And what if I’m wrong?
Before continuing down a very deep and dark rabbit hole that I might not be able to crawl out of in the space of this article, I asked myself – okay, say my phone isn’t listening to me, what other explanation might there be for this increased targeting?
I quickly realised that I’d already answered my own question, with the screenshots above sealing the deal.
Unfortunately, the entire online ecosystem currently revolves around advertisers, not individual users. Data is now a currency, soon to be worth more than oil, gold, and cold hard cash, if not already. We willingly surrender some elements of our privacy and the personal information that’s attached to it to enjoy a more convenient and connected world. I’ve been doing so ever since I joined Facebook in 2009, and likely even before that with the likes of MySpace, MSN, eBay, and just about everything else I’ve ever signed up to. Hell, even my Nintendo 64 probably betrayed me.
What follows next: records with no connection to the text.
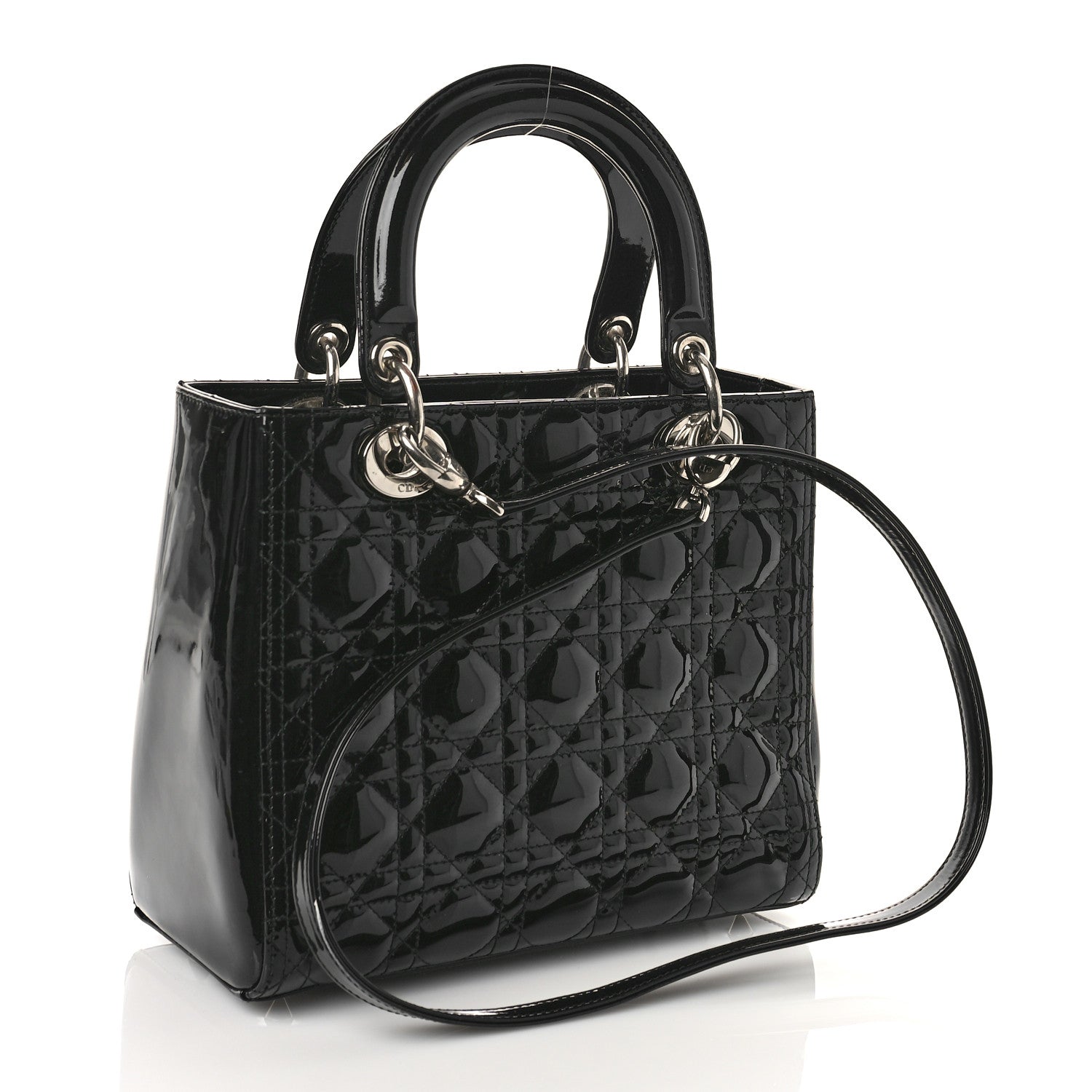 Christian Dior Patent Cannage Medium Lady Dior Black 3 of 9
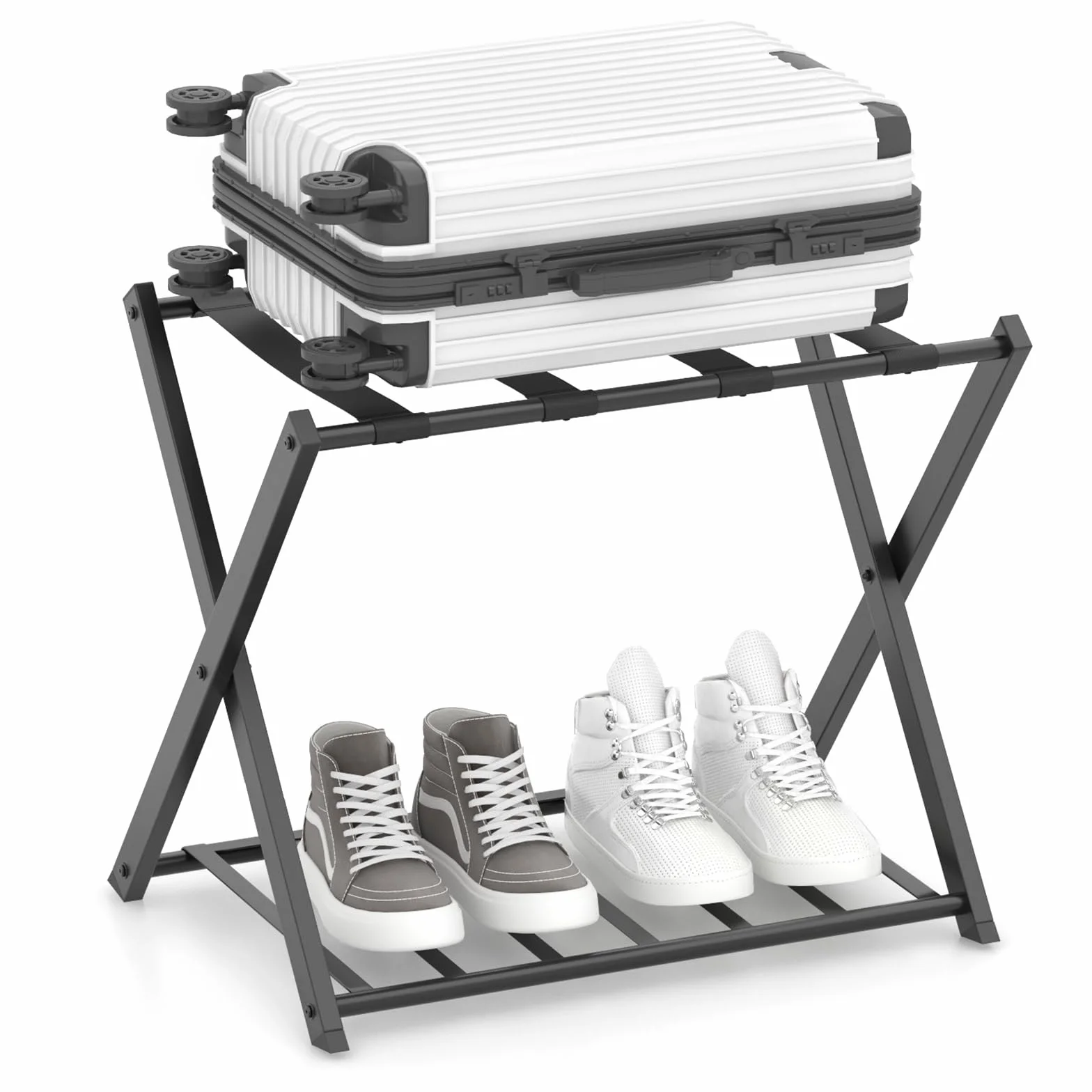 COSTWAY Portavaligie Pieghevole a 2 Ripiani in Metallo 68x43x56 cm Nero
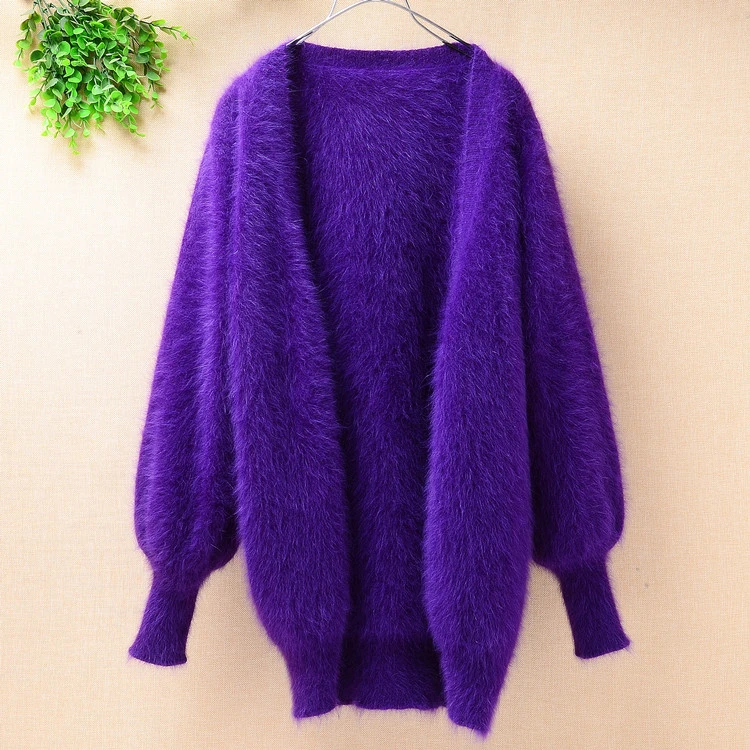 Lady women spring medium long real angora rabbit fur loose lantern long-sleeves hand knitted mink cashmere sweater coat cardigan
It’s an element of life that we’ve had to accept as a society. Our movements, browsing history, spending habits, private messages, interactions, interests, political views, relationships, employment history – literally every single thing that we’ve ever knowingly or unknowingly surrendered to an electronic device is clearly being tracked, stored and sold. We’ve even given companies enough angles of our faces to unlock phones with just a sideways glance. Let’s not forget that we live in an era where elections and referendums can hang in the balance of this information.
So in theory, 11 years worth of data, a pile which I’ve added to via hundreds of touchpoints a day for over 4000 days of my life, could have become so finely tuned to my habits that it predicted on the morning of May 18th, 2020, I’d be slightly hungover and probably in the mood for a glass of orange juice. Just as Garrett had suspected.
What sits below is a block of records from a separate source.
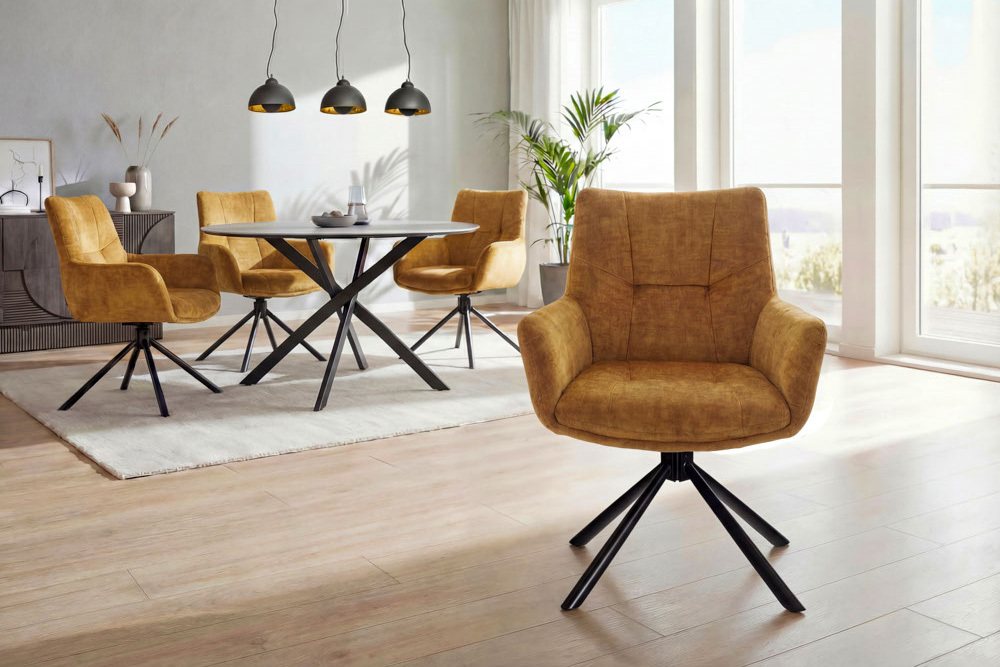 Drehbarer Design Stuhl SIGNATURE senfgelb Samt 360° Taschenfederkern schwarz Metall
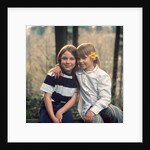 two Young Girls With Flowers In Their Hair Sitting Outside Retro 1970 1970s by Anonymous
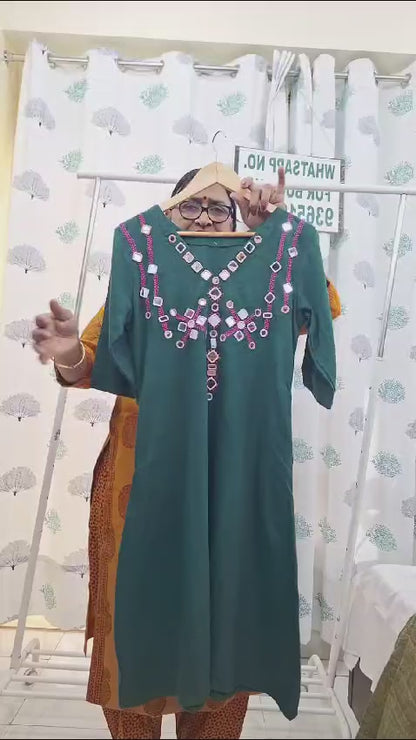 Teal green - Handmade Kala cotton kurtas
It really is possible, that’s the scariest thing about it all.
Could Facebook have really known that, or was it a complete coincidence? Maybe it was just 15 minutes late to the party, another trial and error in a catalogue of targeted trials used to focus its algorithm even further. Only Zuck can give me the answer, but, if true, this question makes the idea of my phone listening to me seem like the least of my worries.
How concerned do I need to be?
It’s the value of this data that should soften any concerns we have about our phones listening to us. For the big players, at least, the buck stops with the data collectors. After all, Facebook, Google and Apple aren’t going to sell your hard data to third parties when it’s their biggest asset, the lubricant for their unmatchable money-making machines. Rather than flogging it off to the highest bidders, corporate tech companies prefer the model of acting as the intermediaries for advertisers that are keen to get in front of a specific audience – and they’re using our data as the leverage.
But who’s to say that won’t ever change? Each month there’s another report of a big fish getting eaten by an even bigger fish, i.e., a smaller tech giant being acquired by a larger tech giant, fueling the fire even more and monopolising the data game even further.
What happens, then, when the data collection snowball continues to gather so much momentum that it’s more precise, more powerful and more relentless than the consumer can possibly handle? Surely it’ll suffocate the user to a point of no return, a point which I became astutely aware of in aisle 5 of Woolworths the other morning.
But hey, whether your phone is listening to you or not, if, like myself, you’re only just fighting back now, then you’re probably already fucked.